### [Action item]
In the entries below, the lines from the one with "What color is it? Purple." through the one with "That's all from" are to be copied exactly; both ends count.

### [Data in this exercise]
--- START ---
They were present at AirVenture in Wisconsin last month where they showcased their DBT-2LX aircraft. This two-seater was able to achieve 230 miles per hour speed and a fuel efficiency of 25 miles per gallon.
--- END ---
--- START ---
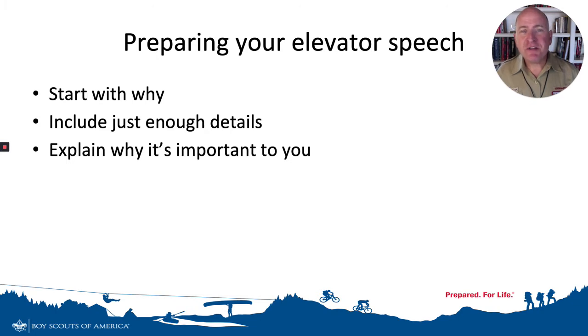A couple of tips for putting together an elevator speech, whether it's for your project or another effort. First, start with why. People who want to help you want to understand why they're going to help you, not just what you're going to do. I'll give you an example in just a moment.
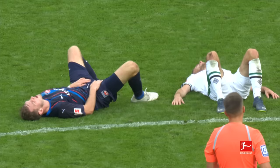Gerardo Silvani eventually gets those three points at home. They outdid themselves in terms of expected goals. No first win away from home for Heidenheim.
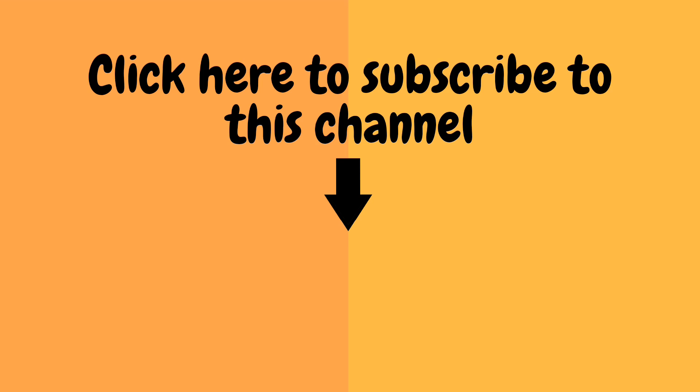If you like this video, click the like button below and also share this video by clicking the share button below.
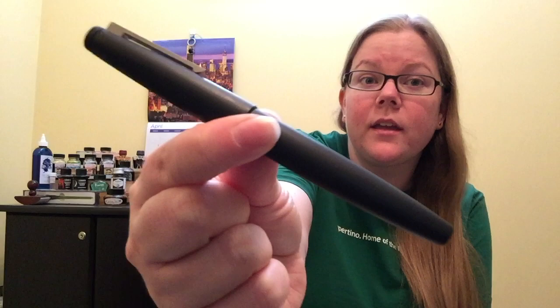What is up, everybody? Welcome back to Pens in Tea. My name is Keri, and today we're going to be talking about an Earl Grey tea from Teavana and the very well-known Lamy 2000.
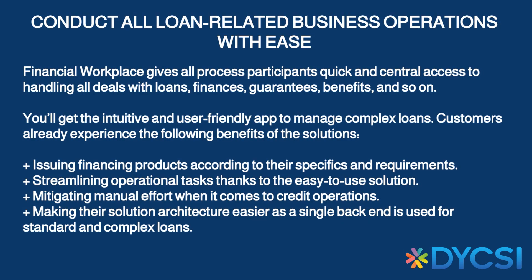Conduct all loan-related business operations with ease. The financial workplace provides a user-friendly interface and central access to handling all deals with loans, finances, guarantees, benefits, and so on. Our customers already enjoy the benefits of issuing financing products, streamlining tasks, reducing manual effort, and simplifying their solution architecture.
--- END ---
--- START ---
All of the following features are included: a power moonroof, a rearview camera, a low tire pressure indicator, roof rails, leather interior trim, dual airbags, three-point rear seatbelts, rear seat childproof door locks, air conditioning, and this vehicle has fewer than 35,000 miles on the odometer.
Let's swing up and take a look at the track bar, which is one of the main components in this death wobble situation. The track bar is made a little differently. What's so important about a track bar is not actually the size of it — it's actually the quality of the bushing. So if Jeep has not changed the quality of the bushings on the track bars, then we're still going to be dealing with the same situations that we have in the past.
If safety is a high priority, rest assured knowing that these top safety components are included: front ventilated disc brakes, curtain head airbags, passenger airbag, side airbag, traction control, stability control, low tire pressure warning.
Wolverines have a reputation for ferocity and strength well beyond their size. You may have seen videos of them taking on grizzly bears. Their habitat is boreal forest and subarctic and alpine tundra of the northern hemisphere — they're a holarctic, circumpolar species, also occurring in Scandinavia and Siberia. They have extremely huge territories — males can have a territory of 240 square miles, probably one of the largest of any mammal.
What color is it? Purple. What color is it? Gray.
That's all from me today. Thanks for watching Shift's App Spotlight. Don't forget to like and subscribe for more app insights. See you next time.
--- END ---
### [Exercise output]
What color is it? Purple. What color is it? Gray.
That's all from me today. Thanks for watching Shift's App Spotlight. Don't forget to like and subscribe for more app insights. See you next time.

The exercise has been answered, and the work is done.